Cape Times

Global shares slide as US bond yields rise

Worries as 10-year Treasuries near level that triggered spasms in the past

- Marc Jones

WORLD stocks slipped yesterday ahead of a blizzard of earnings from the world’s biggest firms and as wary investors watched US bond yields approach peaks that have triggered market spasms in the past.

The yield on 10-year US Treasuries hit its highest level since January 2014 at 2.99 percent, pushing the gap – or spread – to German bonds to the widest in 29 years and the dollar higher in the process.

Traders were also getting a round of global economic surveys that should show in the coming days whether economic softness in the first quarter was merely a passing phase linked to wintry weather and the lunar New Year holidays in Asia.

Readings from Japan, France and Germany were all relatively reassuring. Japan’s PMI data firmed as output and domestic demand picked up, France got help from its services sector, while Germany came in above forecast despite weaker new orders numbers.

“It’s a good reading; it’s still encouragin­g,” said Chris Williamson, the chief business economist at IHS Markit, of the combined euro-zone numbers, which he said pointed to quarterly gross domestic product growth of 0.6 percent.

On the geopolitic­al front, there was plenty to digest too.

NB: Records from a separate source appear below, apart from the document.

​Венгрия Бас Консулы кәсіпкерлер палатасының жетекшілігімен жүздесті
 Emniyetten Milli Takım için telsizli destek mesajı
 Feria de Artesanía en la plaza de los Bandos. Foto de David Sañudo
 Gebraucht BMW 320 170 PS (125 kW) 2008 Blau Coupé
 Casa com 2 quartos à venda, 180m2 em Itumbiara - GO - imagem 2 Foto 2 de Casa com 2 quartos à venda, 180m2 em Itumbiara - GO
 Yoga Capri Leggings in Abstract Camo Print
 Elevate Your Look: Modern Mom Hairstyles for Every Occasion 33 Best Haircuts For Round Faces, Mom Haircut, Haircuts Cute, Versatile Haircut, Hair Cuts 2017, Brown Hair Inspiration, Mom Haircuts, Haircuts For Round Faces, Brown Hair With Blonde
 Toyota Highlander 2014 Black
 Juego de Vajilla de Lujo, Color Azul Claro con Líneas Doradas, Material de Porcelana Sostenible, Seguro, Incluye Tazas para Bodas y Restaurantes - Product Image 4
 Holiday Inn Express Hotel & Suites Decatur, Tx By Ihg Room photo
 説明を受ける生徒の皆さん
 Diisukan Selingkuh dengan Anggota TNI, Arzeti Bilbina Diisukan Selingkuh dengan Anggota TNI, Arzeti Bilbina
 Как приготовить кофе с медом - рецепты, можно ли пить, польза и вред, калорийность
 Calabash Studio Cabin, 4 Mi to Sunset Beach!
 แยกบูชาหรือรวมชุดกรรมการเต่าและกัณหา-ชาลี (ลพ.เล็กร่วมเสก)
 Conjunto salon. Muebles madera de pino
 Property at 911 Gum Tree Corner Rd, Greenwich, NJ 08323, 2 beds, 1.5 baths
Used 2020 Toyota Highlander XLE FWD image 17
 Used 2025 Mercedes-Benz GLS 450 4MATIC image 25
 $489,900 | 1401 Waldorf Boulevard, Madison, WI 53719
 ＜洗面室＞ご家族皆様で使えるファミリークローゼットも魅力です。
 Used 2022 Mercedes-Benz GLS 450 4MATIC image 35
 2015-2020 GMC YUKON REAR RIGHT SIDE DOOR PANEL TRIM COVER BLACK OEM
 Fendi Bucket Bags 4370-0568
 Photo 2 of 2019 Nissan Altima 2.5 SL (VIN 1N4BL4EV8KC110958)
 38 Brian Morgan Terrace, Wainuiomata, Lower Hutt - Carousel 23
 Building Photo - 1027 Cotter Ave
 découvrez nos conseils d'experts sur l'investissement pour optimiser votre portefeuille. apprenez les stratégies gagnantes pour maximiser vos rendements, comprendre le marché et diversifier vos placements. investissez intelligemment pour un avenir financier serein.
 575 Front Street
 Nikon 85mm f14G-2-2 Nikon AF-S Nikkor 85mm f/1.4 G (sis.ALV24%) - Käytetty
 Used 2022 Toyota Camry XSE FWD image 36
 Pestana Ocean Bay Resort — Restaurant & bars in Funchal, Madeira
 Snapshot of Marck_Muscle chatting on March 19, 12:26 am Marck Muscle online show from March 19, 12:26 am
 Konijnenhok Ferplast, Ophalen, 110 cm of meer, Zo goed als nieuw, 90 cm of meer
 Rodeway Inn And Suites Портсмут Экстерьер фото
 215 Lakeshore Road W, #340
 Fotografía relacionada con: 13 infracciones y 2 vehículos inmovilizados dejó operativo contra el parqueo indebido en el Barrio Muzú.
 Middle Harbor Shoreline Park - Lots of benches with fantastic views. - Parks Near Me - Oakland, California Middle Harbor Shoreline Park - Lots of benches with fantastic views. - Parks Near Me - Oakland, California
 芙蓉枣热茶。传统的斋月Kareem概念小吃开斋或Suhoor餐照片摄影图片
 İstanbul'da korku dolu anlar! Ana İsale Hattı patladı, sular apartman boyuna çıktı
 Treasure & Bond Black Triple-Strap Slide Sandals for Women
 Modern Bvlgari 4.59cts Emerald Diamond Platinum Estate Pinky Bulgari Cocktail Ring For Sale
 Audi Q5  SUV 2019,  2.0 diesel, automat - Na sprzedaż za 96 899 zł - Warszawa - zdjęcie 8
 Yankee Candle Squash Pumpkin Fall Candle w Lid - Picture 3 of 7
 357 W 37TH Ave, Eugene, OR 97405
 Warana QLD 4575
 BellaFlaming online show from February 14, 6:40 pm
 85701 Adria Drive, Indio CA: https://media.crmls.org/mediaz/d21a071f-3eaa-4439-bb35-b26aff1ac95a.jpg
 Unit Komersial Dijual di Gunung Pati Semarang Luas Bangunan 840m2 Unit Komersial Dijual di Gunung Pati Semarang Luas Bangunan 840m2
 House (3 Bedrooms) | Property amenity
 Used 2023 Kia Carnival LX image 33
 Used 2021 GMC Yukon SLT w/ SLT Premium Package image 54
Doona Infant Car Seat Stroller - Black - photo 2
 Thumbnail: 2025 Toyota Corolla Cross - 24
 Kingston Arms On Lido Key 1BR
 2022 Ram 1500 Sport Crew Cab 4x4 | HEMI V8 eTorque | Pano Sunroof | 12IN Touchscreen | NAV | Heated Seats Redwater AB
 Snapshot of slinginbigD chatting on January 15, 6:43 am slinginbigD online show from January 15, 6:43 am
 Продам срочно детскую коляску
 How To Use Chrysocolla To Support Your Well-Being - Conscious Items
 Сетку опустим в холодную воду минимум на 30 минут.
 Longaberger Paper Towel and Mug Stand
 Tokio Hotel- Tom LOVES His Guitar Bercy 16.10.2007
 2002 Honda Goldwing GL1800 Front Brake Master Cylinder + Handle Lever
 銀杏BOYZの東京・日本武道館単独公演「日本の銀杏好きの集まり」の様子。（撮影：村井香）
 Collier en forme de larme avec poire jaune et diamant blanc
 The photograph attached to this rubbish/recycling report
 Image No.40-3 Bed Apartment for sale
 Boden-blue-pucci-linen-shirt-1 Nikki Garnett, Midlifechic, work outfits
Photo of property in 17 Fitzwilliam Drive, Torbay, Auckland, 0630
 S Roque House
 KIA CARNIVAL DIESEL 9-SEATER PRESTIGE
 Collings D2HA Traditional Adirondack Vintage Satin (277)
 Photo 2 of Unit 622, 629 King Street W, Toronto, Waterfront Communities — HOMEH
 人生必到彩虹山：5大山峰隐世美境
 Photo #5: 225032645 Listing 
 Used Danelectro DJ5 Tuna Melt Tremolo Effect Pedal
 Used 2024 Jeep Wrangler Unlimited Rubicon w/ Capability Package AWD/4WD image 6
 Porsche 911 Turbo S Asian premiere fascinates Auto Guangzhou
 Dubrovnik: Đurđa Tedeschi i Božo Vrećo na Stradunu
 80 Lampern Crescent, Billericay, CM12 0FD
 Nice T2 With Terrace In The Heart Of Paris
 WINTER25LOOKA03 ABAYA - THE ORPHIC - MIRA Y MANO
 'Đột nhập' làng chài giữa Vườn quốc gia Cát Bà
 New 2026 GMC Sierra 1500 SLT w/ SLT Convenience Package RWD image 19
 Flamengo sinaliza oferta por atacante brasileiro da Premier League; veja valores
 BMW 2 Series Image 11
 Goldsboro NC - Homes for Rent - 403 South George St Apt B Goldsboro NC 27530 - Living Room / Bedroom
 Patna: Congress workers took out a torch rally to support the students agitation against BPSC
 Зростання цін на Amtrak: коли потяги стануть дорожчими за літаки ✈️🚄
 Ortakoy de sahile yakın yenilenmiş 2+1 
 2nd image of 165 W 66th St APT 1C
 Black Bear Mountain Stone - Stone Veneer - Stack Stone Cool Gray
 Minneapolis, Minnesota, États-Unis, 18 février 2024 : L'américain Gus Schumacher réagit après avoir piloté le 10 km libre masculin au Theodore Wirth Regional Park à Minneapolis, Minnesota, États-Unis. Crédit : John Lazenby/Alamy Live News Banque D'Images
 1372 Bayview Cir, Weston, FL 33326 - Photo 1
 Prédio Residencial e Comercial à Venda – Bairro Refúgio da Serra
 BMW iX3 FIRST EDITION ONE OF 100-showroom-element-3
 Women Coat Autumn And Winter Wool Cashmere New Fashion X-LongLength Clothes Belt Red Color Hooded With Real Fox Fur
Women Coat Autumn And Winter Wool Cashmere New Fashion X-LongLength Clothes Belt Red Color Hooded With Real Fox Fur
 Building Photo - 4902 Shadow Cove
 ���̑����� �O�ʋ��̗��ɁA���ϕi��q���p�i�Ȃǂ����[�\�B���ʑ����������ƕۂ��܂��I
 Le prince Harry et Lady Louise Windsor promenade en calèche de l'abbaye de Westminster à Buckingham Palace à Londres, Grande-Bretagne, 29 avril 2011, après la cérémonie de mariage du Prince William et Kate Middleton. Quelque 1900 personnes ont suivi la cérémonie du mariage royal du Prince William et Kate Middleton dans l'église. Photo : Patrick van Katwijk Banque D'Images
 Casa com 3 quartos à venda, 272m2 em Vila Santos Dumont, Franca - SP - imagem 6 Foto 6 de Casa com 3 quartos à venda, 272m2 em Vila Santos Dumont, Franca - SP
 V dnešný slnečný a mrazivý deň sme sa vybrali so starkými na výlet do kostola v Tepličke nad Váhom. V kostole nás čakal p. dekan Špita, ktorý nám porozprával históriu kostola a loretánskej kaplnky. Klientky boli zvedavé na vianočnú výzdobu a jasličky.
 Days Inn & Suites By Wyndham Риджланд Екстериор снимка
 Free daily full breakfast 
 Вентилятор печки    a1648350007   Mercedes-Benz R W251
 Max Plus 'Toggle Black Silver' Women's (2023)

North Korea said on Saturday it would immediatel­y suspend nuclear and missile tests, scrap its nuclear test site and instead pursue peace and economic growth.

Talk of a trip by the US Treasury Secretary to China fuelled hopes that the recent trade tensions between the world’s two biggest economies may be thawing.

Oil prices edged down in the cross-currents but were not far from their highest since late 2014. The market had wobbled on Friday when US President Donald Trump tweeted criticism of the role played by the Organisati­on of the Petroleum Exporting Countries (Opec) in pushing up global prices, but quickly steadied.

Brent crude oil futures were off 20 cents at $73.83 (R903.57) per barrel and US crude eased to $68.16. Aluminium prices leapt up again to add to this month’s 25 percent surge following US sanctions on Russia’s producer-giant Rusal.

“Underlying (oil market) sentiment is bullish,” said Saxo Bank senior manager Ole Hansen. “And we have Opec potentiall­y trying to ‘overtighte­n’ the market.”

In stock markets, MSCI’s world index fell 0.25 percent after Asia had shed 0.5 percent overnight, and Europe slipped 0.2 percent as results from Switzerlan­d’s biggest bank, UBS, disappoint­ed and the rise in yields added pressure generally.

More than 180 companies in the S&P 500 are due to report their results this week, including Amazon, Alphabet, Facebook, Microsoft, Boeing and Chevron. Of particular concern for US analysts will be executives’ views about their exposure to China, amid the recent worries about a trade war.

Back in commodity markets, the spike in oil has driven up both market expectatio­ns of future inflation and longterm bond yields. Yields on 10-year Treasuries are at the highest since early 2014 and again threatenin­g the hugely important 3 percent bulwark. The last time yields neared this number in 2013 it rocked risk appetite and sent stocks sliding. It also came shortly before oil prices went on a mighty 75 percent tumble.

“Another $5-a-barrel increase in oil will be enough for US 10-year yields to threaten 3 percent. Oil is now at the cusp of levels where higher prices will spark greater foreign exchange and broader asset market volatility,” said Deutsche Bank’s macro strategist, Alan Ruskin.